Ed è da questa serie di elementi, uniti al Rescritto di Spello, che la prof Stopponi si è convinta che il Fanum Voltumnae non poteva che trovarsi a Orvieto riuscendo, anno dopo anno e con l’aiuto di generazioni di studenti di archeologia provenienti da mezzo mondo, a recuperarne i resti e a dimostrare che il santuario federale degli etruschi sorgeva a Campo della fiera, un’area che vive dal VI ac e che tra questo secolo e l’inizio del successivo si ritiene abbia attraversato il periodo di massimo splendore, pur mantenendo la propria funzione anche dopo la conquista da parte dei Romani e ancora con l’avvento del Cristianesimo e fino al Medioevo. 

Una lunga storia, questa del “luogo celeste”, che ha reso sempre complessi gli scavi archeologici, che negli anni hanno anche restituito una domus romana dotata di impianti termali e splendidi mosaici risalenti al I e al III dc, mentre più recentemente, ovvero l’agosto scorso, gli scavi in un pozzo profondo poco più di 8 metri hanno permesso di riportare alla luce circa 300 maioliche risalenti a un periodo compreso tra il XIII e il XVI secolo, tra cui spicca la fiaschetta di un pellegrino della metà del Duecento. Lo sforzo della prof Stopponi, apprezzato a livello internazionale, tanto che nel 2019 il Museo nazionale del Lussemburgo ha ospitato una mostra, riprenderà la prossima estate, sempre con l’aiuto della Fondazione Cassa di Risparmio di Orvieto.

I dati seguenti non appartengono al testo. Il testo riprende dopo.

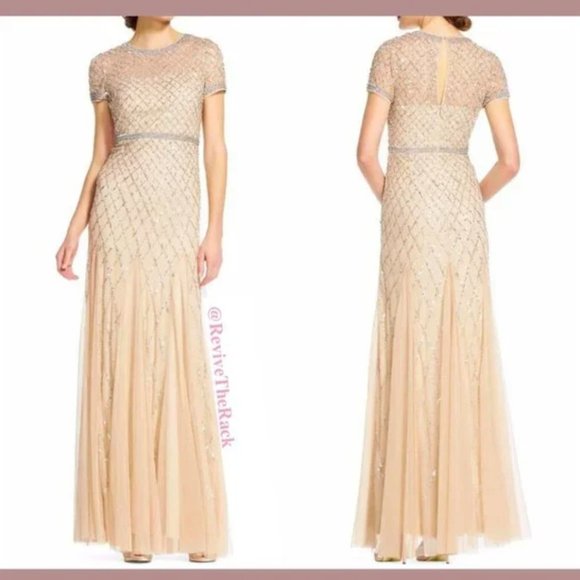 $328 Adrianna‎ Papell Cap Sleeve Beaded Mesh Gown Champagne [Petite 2P ]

Resta forte, infatti, la convinzione che il santuario federale delle dodici città-stato etrusche possa ancora riservare scoperte di enorme valore, tanto più in questa fase segnata dagli eccezionali rinvenimenti di San Casciano (Siena), che hanno ridato slancio all’interesse dell’opinione pubblica sulla civiltà etrusca. E forse, come nel borgo termale a pochi chilometri dal confine umbro, anche a Campo della Fiera servirebbe uno sforzo del Mibac per “musealizzare” il sito archeologico.